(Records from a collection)
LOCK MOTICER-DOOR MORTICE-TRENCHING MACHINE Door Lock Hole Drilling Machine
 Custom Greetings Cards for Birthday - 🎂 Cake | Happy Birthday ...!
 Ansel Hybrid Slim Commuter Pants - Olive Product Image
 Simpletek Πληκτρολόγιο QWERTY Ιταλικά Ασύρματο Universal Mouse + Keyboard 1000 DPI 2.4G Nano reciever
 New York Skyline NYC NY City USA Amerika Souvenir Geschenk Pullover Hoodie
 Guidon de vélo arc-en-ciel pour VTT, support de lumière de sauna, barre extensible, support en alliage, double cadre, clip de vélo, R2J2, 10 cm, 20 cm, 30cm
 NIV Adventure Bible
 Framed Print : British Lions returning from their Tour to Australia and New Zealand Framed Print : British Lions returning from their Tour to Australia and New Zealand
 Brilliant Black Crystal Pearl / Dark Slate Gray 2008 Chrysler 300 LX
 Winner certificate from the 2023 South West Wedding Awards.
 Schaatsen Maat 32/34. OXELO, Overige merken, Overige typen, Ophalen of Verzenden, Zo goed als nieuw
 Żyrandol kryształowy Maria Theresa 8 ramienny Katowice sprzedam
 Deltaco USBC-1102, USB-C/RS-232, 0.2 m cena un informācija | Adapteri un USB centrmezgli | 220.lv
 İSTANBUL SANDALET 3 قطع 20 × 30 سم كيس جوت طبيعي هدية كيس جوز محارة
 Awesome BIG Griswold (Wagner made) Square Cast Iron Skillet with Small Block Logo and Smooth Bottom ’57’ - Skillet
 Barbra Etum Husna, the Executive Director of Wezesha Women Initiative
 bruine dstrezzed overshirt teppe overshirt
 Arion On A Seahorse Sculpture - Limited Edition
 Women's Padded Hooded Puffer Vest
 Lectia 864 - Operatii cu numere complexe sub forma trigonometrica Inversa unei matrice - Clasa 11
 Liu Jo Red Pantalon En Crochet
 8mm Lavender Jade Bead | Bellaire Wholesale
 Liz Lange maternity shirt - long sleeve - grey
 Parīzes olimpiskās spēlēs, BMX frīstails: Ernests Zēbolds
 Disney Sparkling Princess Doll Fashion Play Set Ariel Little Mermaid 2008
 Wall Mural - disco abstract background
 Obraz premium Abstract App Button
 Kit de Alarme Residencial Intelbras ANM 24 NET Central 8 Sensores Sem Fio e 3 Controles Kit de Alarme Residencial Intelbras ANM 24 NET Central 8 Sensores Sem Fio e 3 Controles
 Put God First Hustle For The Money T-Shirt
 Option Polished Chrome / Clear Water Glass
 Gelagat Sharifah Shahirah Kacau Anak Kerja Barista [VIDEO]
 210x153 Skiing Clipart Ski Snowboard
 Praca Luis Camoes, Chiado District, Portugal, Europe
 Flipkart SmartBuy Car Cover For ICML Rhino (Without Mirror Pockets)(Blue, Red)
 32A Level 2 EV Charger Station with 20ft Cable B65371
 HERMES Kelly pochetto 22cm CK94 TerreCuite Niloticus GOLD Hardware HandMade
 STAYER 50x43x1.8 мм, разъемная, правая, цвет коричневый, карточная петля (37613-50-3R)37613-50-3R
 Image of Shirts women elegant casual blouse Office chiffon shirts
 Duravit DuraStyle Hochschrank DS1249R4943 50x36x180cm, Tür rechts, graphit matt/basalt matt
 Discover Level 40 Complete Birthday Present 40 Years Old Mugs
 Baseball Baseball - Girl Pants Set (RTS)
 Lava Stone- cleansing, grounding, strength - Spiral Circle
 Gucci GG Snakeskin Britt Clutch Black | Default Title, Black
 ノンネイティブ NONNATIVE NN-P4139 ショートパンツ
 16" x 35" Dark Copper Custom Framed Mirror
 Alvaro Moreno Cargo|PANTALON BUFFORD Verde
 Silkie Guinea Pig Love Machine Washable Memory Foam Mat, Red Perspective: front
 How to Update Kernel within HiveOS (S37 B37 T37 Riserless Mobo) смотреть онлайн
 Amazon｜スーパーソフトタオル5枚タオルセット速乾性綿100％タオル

What you need to do: Repeat only the lines from the one holding "Gucci GG Snakeskin" through the last line of the data.

Response area:
 Gucci GG Snakeskin Britt Clutch Black | Default Title, Black
 ノンネイティブ NONNATIVE NN-P4139 ショートパンツ
 16" x 35" Dark Copper Custom Framed Mirror
 Alvaro Moreno Cargo|PANTALON BUFFORD Verde
 Silkie Guinea Pig Love Machine Washable Memory Foam Mat, Red Perspective: front
 How to Update Kernel within HiveOS (S37 B37 T37 Riserless Mobo) смотреть онлайн
 Amazon｜スーパーソフトタオル5枚タオルセット速乾性綿100％タオル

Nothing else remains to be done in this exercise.